Strawberries are packed with nutrients and, according to some studies, may reduce your risk of cancer. The delicious taste doesn't hurt, either.
According to the University of Illinois Extension, strawberries offer more vitamin C ounce for ounce than any citrus fruit. The American Cancer Society says that eating foods rich in vitamin C may reduce your risk of cancer. Vitamin C is also necessary for healthy skin, tendons, bones, cartilage and blood vessels, and may enhance the immune system and deflect colds.
Strawberries are beaten only by blackberries and walnuts in terms of antioxidant concentration in a typical serving size, according to a report published in the American Journal of Clinical Nutrition. Antioxidants protect and repair cells from damage caused by free radicals, thus helping your immune system stay strong and fight off disease.
Strawberries are sweet, but low in sugar and contain no fat or cholesterol. One cup, or approximately eight medium strawberries, contains about 50 calories. They are also good sources of folate, fiber and potassium.
Fiber aids weight loss and maintenance; it makes you feel fuller for longer periods of time, and relieves constipation. Potassium is important to control blood pressure and prevent strokes. Folate, a B vitamin that is also known as folic acid or vitamin B9, helps prevent certain birth defects and may ward off DNA changes that could lead to cancer, according to the National Institutes of Health's Office of Dietary Supplements.
Strawberries are the only fruit where the seeds appear on the outside rather than inside, and there are an average of 200 seeds per fruit.
According to the California Strawberry Commission, the state produces 88 percent of the nation's fresh and frozen strawberries. Lebanon, Ore.,'s strawberry festival is home to the world's largest strawberry shortcake year after year. Its recipe requires 514 cups of sugar, 2,048 teaspoons of baking powder and serves more than 15,000 people.
If you decide to pick the strawberries yourself, whether from your own garden or a farm, handle the berries with care. Don't throw them into your container, and only pick the berries that are fully red, as green strawberries will not ripen once they are separated from the plant.
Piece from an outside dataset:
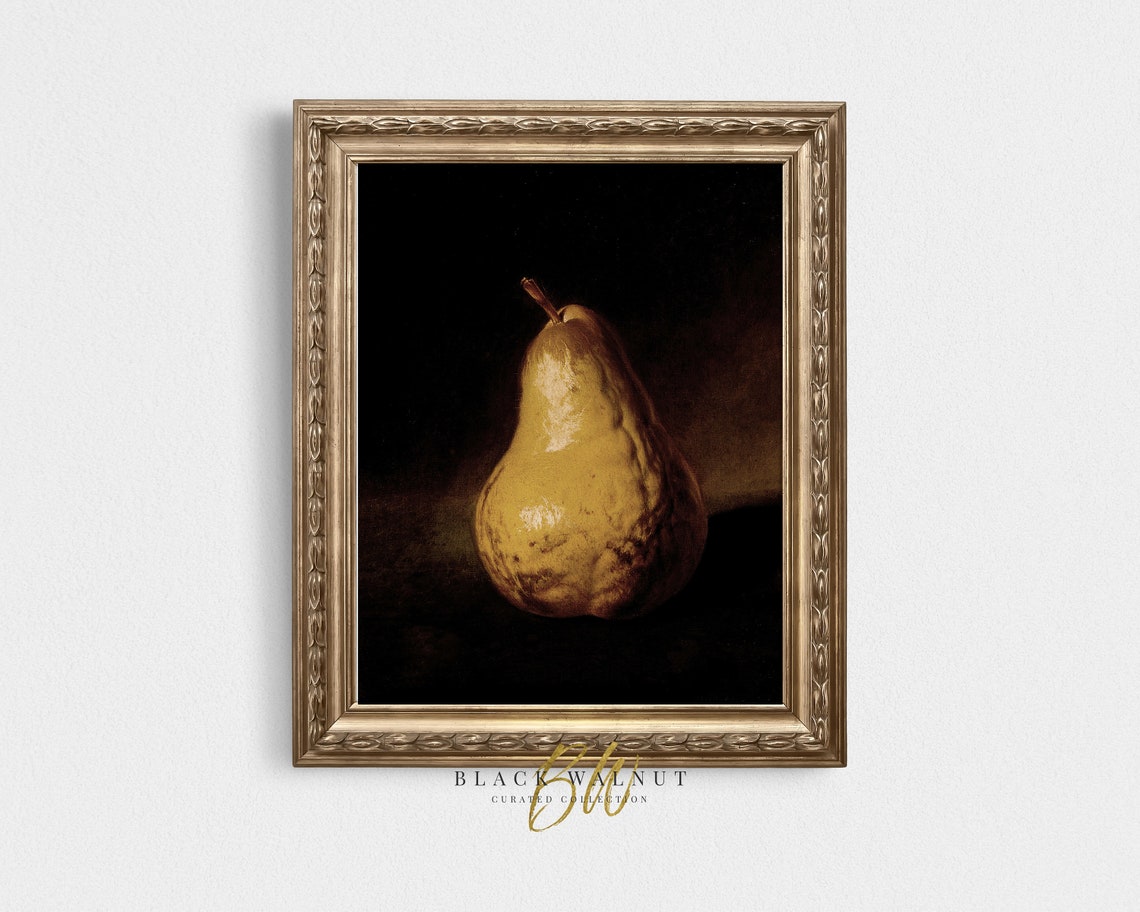 Vintage Fruit Painting Moody Pear Art Print Antique Oil Painting Still Life Painting French Farmhouse Kitchen Shelf Print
When shopping for strawberries, look for ones with fresh green caps and no visible signs of mold, even if it only appears on one berry. One quart of strawberries equals one and a half pounds, and yields about four cups when sliced. Do not leave the berries out at room temperature for more than a few hours. Eat soon after purchasing, but store unwashed and loosely covered with plastic wrap. When ready to use, wash with cold water.
There are many tasty ways to work strawberries into your diet. In addition to eating them fresh, you can make your own jam or spread. Mix them into yogurt, or put them on top of salads, waffles or pancakes. Throw them in the blender to make a smoothie or milkshake. Whip up some fresh cream or use the kind from the can to pair with the strawberries. Make strawberry cheesecake, shortcake, bread, muffins, scones or angel food cake. Let your imagination run wild, and enjoy.